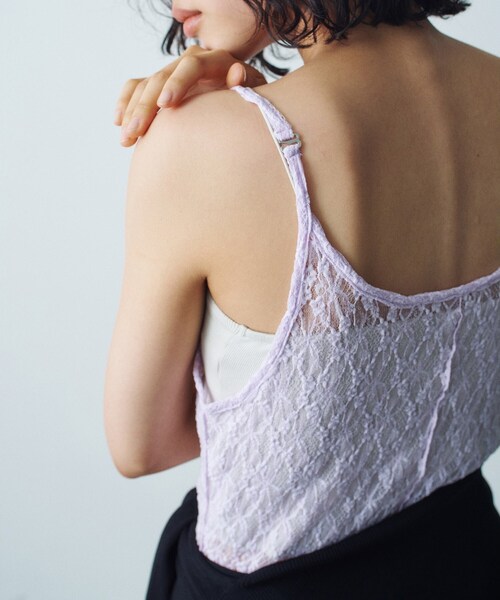 CODE A（コードエー）の「stretch lace cami dress（ワンピース・レディース・パープル/ライトイエロー系/ホワイト・00）」の12枚目の写真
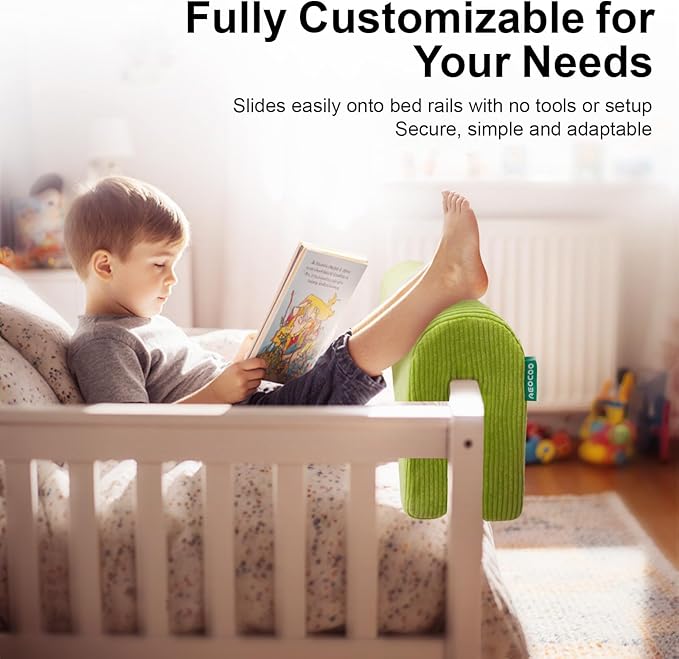 Bed Rail Bumpers Protector, Hospital Bed Rails Padding, Loft Beds and Bunk Beds Bumpers Protector, Premium Soft Memory Foam - Anti-Bump | Fall Prevention, Size 35.4 x 5.5 x 7.9 Inches, Green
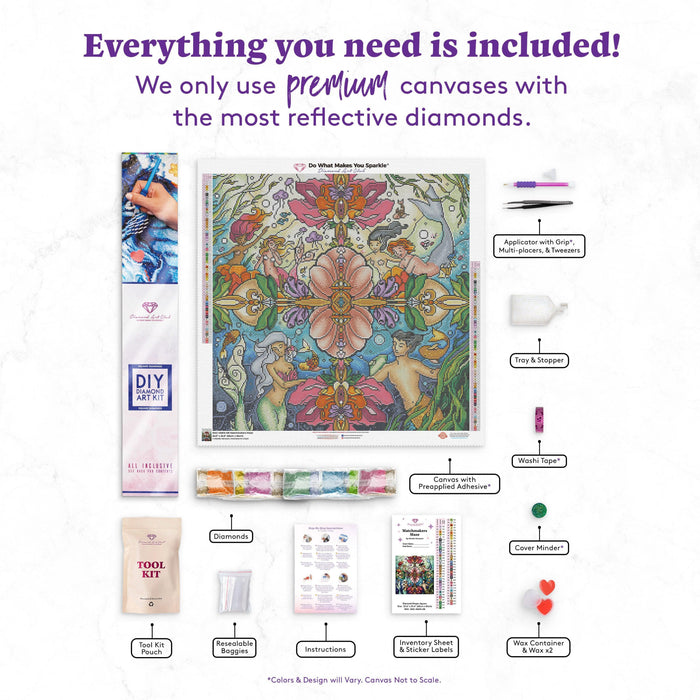 Diamond Painting Matchmakers Maze 25.6" x 25.6" (65cm x 65cm) / Square with 65 Colors including 5 ABs / 68,121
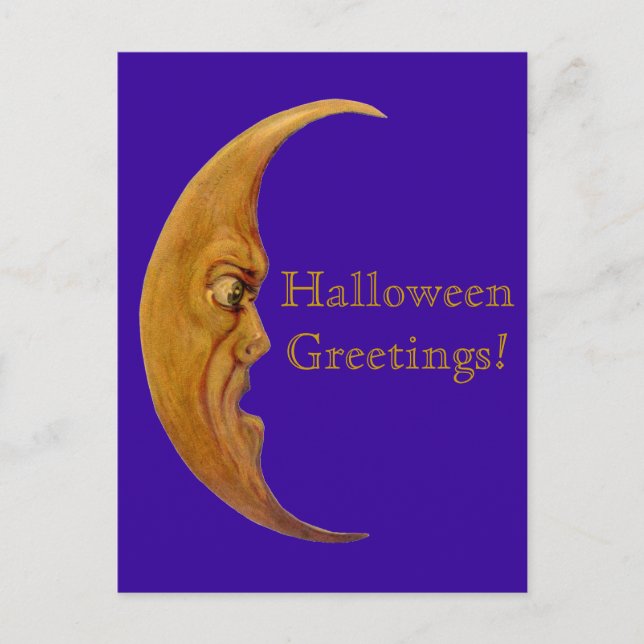 Vintage Angry Moon Halloween Greetings Card (Front)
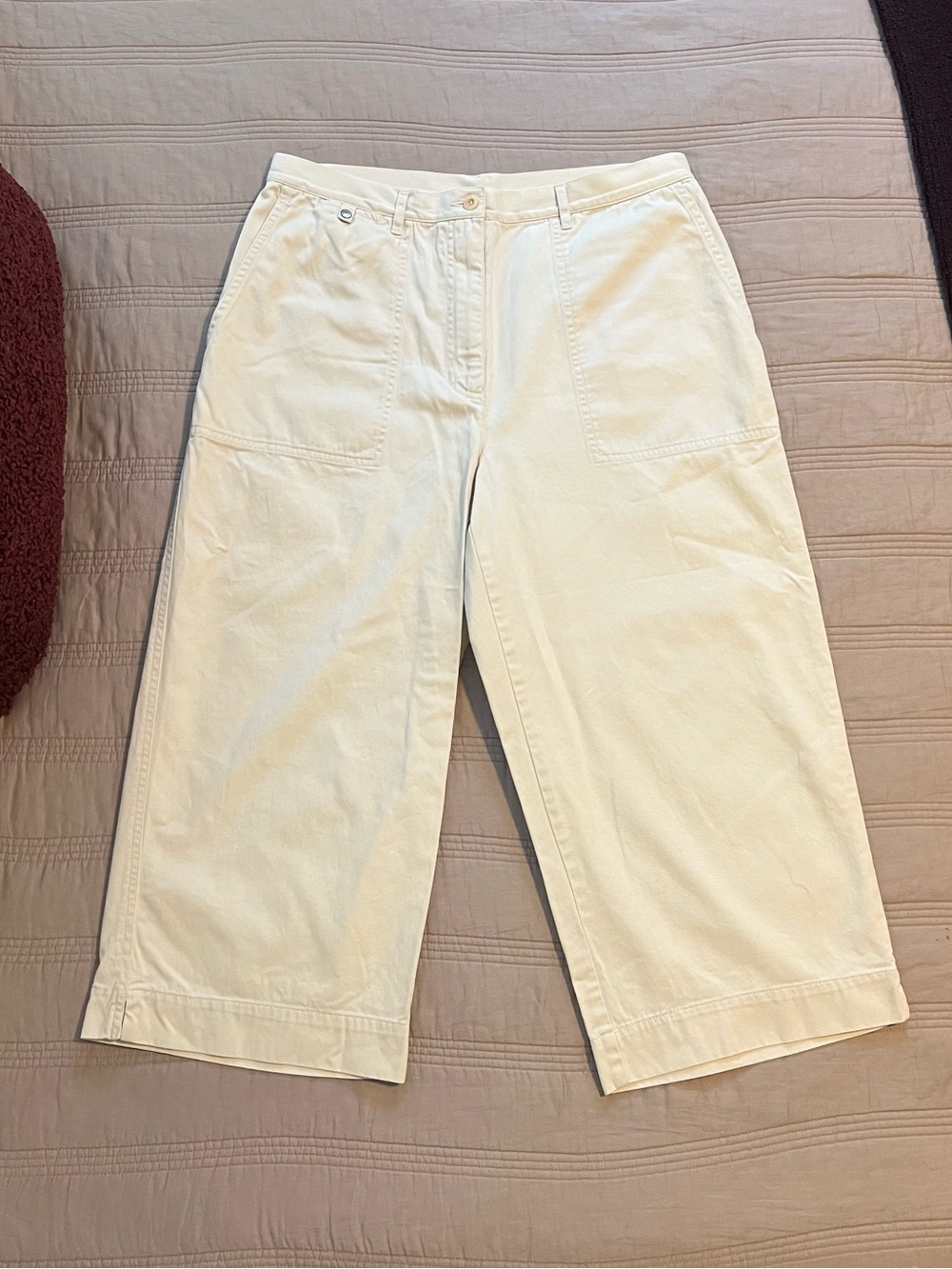 Lauren Ralph Lauren Light Khaki Cropped Pants Pockets Casual Classic Coastal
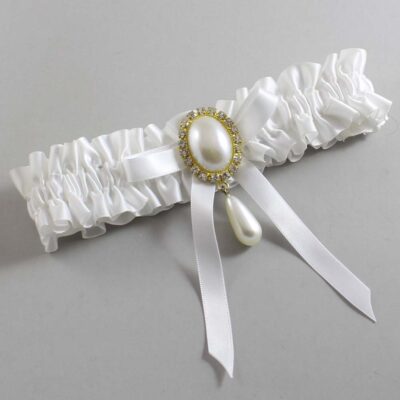 White Satin Wedding Garter / White Wedding Garters / Wedding Garter / Custom Wedding Garter / Bridal Garter / Prom Garter / Linda Joyce Couture / Personalized Garter / Personalized Wedding Garter / Personalized Prom Garter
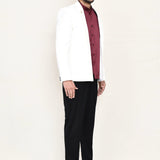 Maroon Polyester Three Piece Suit Set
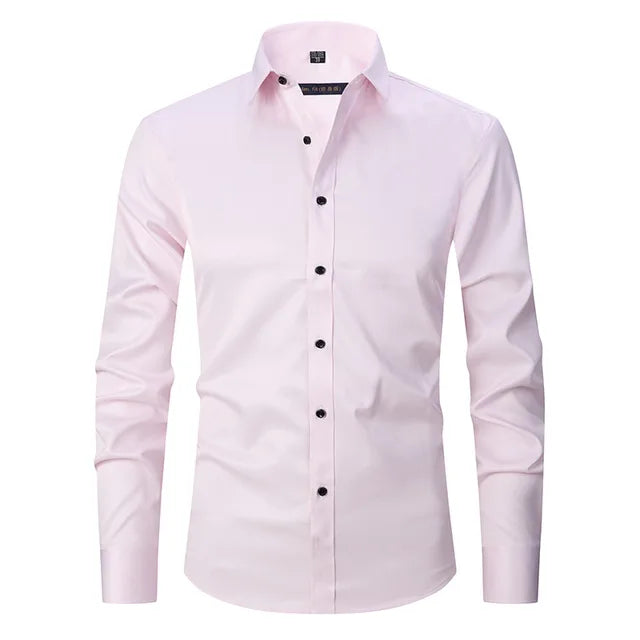 Men’s Spring Elastic Wrinkle-Free Dress Shirt with Slim Fit and Modern Design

**Task requirements**
What is wanted is an exact copy of the lines from the line with "Bed Rail Bumpers" through the end of the records, both ends included, pictures excluded.

**Worked solution**
 Bed Rail Bumpers Protector, Hospital Bed Rails Padding, Loft Beds and Bunk Beds Bumpers Protector, Premium Soft Memory Foam - Anti-Bump | Fall Prevention, Size 35.4 x 5.5 x 7.9 Inches, Green
 Diamond Painting Matchmakers Maze 25.6" x 25.6" (65cm x 65cm) / Square with 65 Colors including 5 ABs / 68,121
 Vintage Angry Moon Halloween Greetings Card (Front)
 Lauren Ralph Lauren Light Khaki Cropped Pants Pockets Casual Classic Coastal
 White Satin Wedding Garter / White Wedding Garters / Wedding Garter / Custom Wedding Garter / Bridal Garter / Prom Garter / Linda Joyce Couture / Personalized Garter / Personalized Wedding Garter / Personalized Prom Garter
 Maroon Polyester Three Piece Suit Set
 Men’s Spring Elastic Wrinkle-Free Dress Shirt with Slim Fit and Modern Design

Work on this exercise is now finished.